Archiving WAL Segments with Pgbackrest

Good afternoon, my name is Andrey, I am a database administration specialist at T1 Servionika. Over 2.5 years, about 700 database clusters were under my control, 80% of which are High Avaiability, a third of them are three-node full-fledged clusters, where there is a master, synchronous and asynchronous replicas. Migration projects from Oracle and MSSQL to PostgreSQL were also successfully completed.
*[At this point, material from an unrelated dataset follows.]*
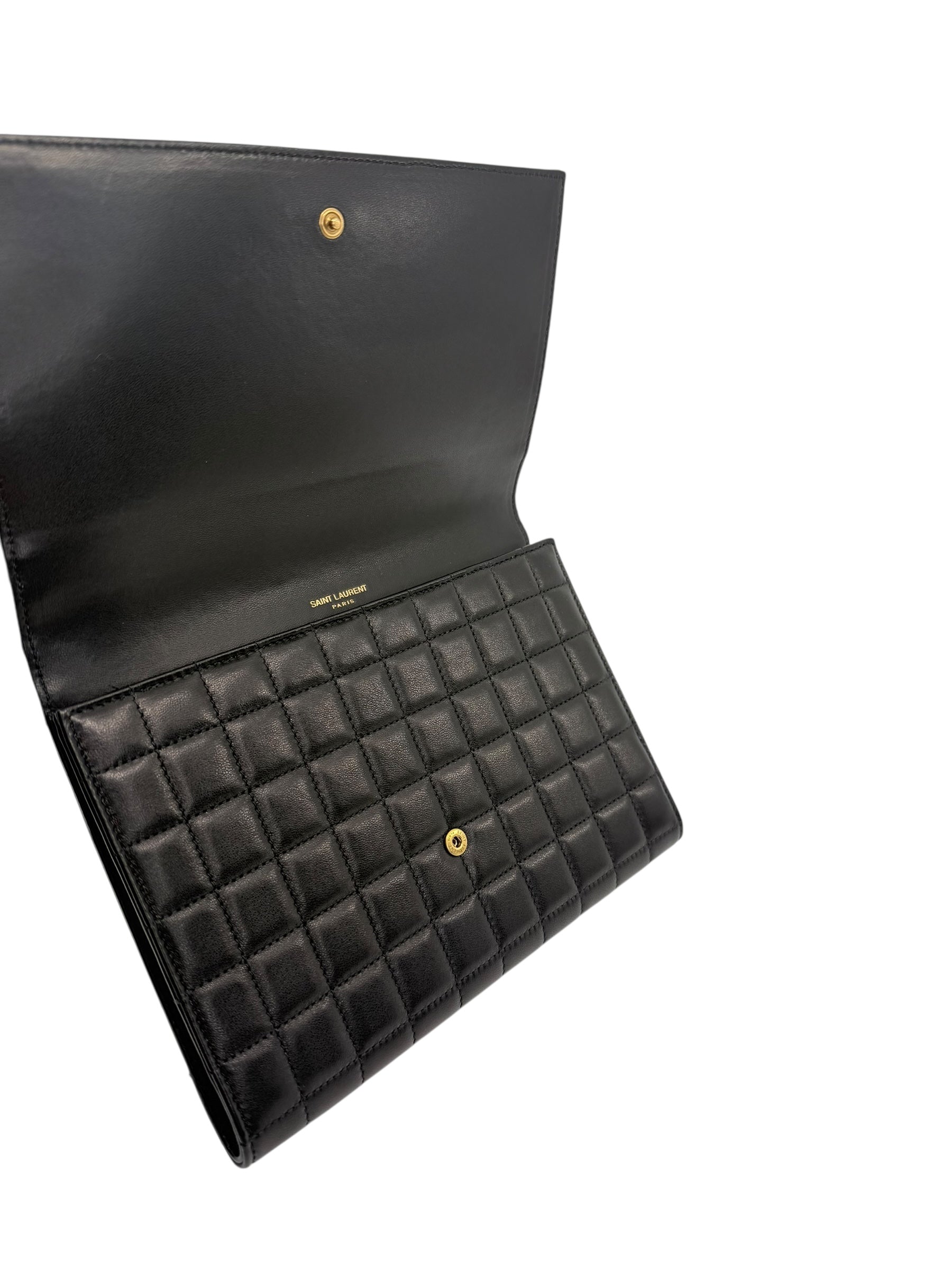 Saint Laurent Monogram Flap Clutch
Backup is one of the most important database administration processes. Unfortunately, no one is immune from hardware failures or logical errors. One day we encountered a PostgreSQL backup error that many Pgbackrest users are experiencing. There is no single description of its fix on the network. I’ll tell you about the decision we came to and how the company implemented PostgreSQL backup.

Error

PostgreSQL supports logical and physical copying and archiving of data. In everyday work in a functioning cluster, the use of the physical copy procedure is justified. It's convenient and fast. In addition, it allows us to return the cluster to the state at the point in time we need.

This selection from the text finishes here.